- Born: June 11, 1804 Reading, Pennsylvania
- Died: May 23, 1876 (aged 71) York, Pennsylvania
- Scientific career
- Fields: Entomology
- Workplaces: Religious minister (Kreutz Creek) Religious minister (York)

= Daniel Ziegler =

American entomologist (1804–1876)

Rev. Daniel Ziegler (June 11, 1804 Reading, Pennsylvania - May 23, 1876 York, Pennsylvania) was a minister in Kreutz Creek and York, Pennsylvania, and also an avid entomologist. He was a friend of Dr. Frederick Ernst Melsheimer (1782–1873), who like his father the Rev. Frederick Valentine Melsheimer (1749–1814), was also a keen entomologist.

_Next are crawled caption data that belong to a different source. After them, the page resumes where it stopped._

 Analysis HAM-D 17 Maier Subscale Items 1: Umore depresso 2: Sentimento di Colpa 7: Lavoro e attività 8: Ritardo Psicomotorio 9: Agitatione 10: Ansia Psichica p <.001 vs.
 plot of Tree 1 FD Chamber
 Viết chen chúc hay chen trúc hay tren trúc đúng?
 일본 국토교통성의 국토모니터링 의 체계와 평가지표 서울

Their collections ended up in Harvard University's Museum of Comparative Zoology, and comprised 14,774 specimens from 5,302 different species.

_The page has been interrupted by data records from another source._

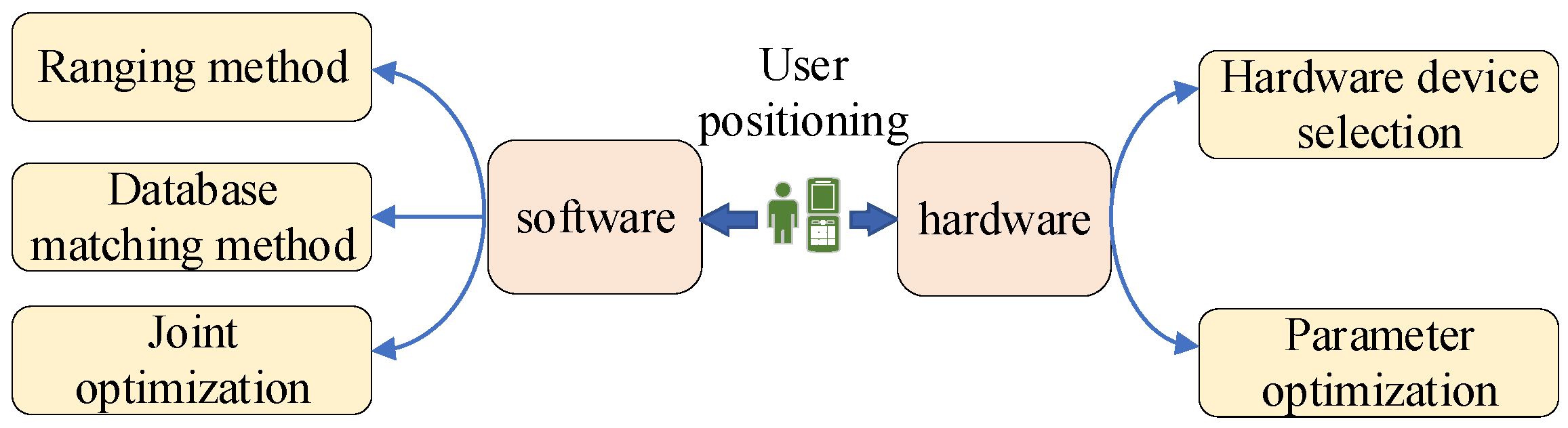 Electronics 13 00360 g009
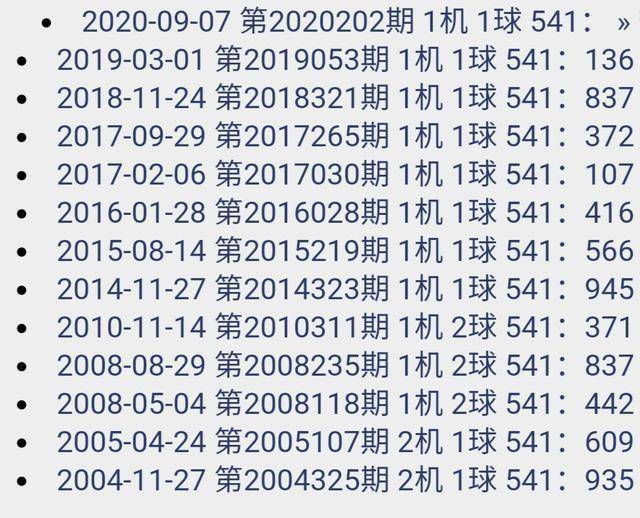 今晚最准确一肖100,精准解答方案详解_散热版95.586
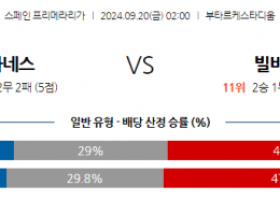 9월20일 라리가 CD 레가네스 아틀레틱 빌바오 해외축구분석 스포츠분석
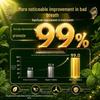 Оральные пробиотические леденцы Тонг Рен Тан
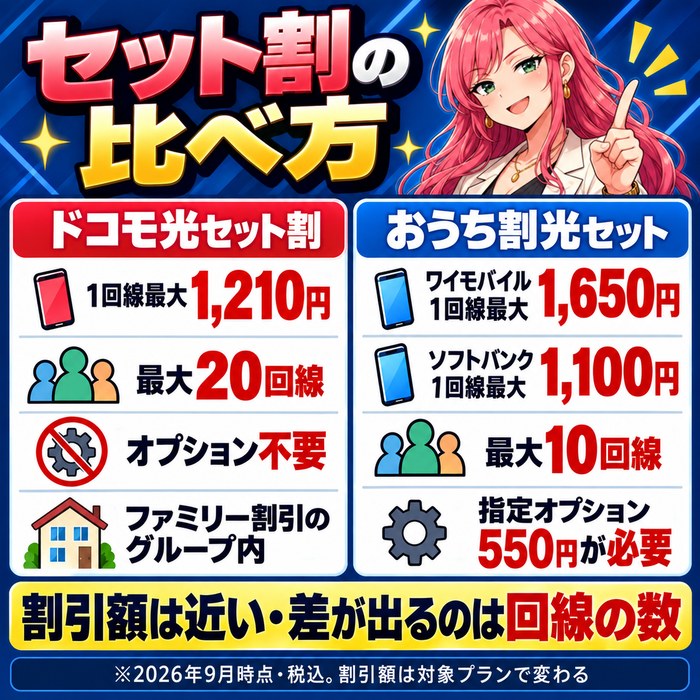 セット割の比べ方。ドコモ光セット割は1回線最大1,210円で最大20回線・オプション不要、おうち割光セットはワイモバイル1回線最大1,650円・ソフトバンク最大1,100円で最大10回線・指定オプション550円が必要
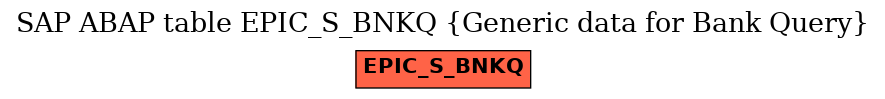 E-R Diagram for table EPIC_S_BNKQ (Generic data for Bank Query)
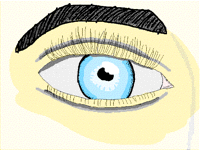 Eye test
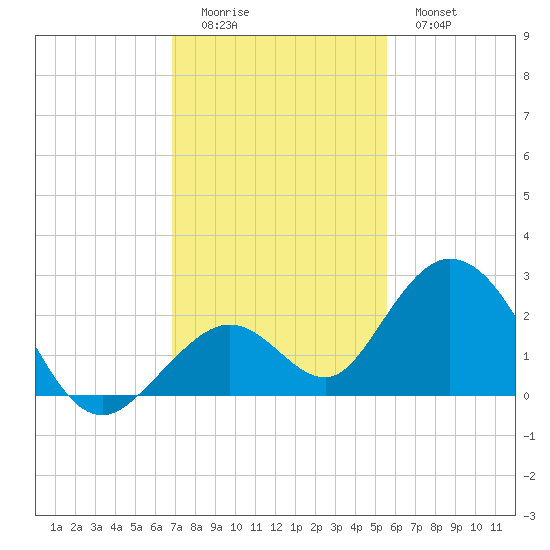 Indian Key Anchorage tide chart for Sunday, December 5, 2021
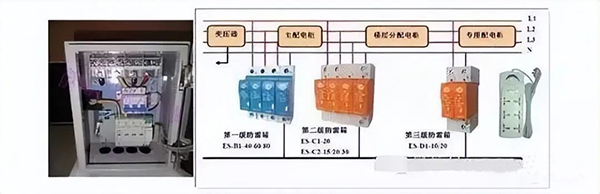 建筑電氣強電系統(tǒng)基礎知識:高低壓配電系統(tǒng)、防雷與接地系統(tǒng)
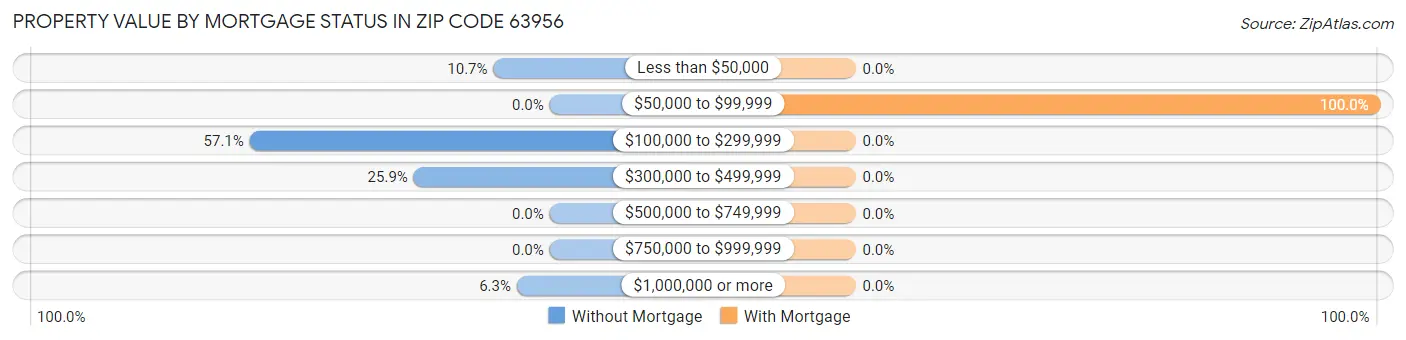 Property Value by Mortgage Status in Zip Code 63956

Ziegler studied at the University of Pennsylvania and, later, theology at the German Reformed Seminary in York. He was the minister for 37 years of Kraeutz-Creek Church near York as well as up to eight other churches. With his wife, Eve Eyster, he had 10 children, including son Dr. H. A. Ziegler.

It was during his time as minister at Kraeutz-Creek that he began studying entomology. He often accompanied his father on insect-collecting excursions, using the beat net method of collecting, uncommon in America at the time.

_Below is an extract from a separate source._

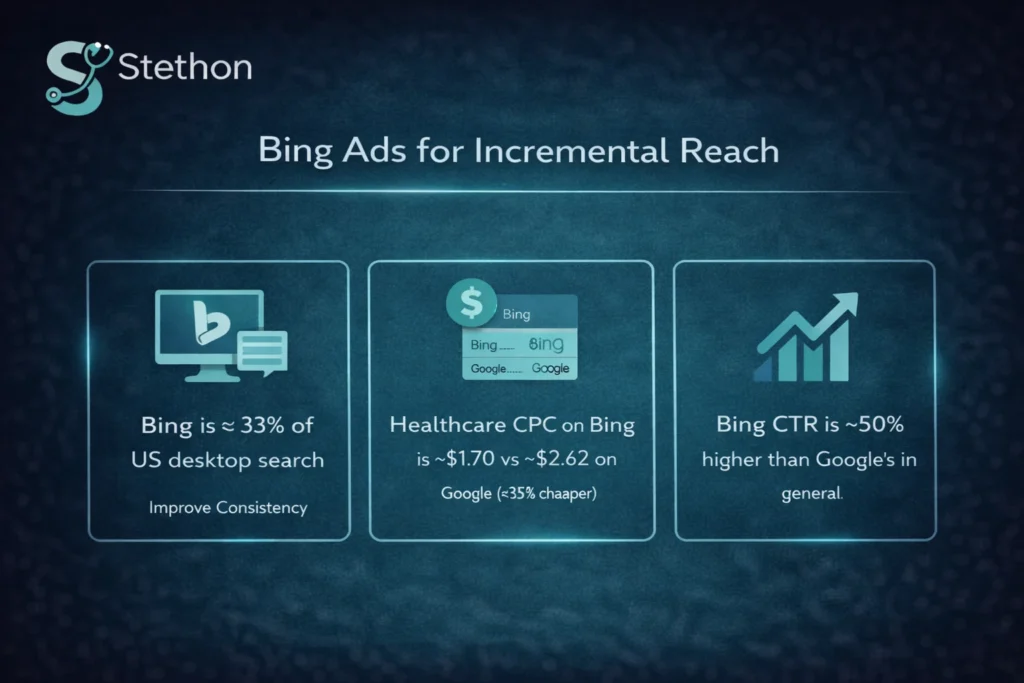 bing ads healthcare marketing strategies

Rev. Ziegler's only entomological paper, a description of 36 new species of Coleoptera, was published for the assistance of Dr. Melsheimer, whose home was close to one of Rev. Ziegler's churches.

There was nothing whatever eventful in his life, and besides his few entomological contributions, he was nothing more than a plain, plodding, honest country parson.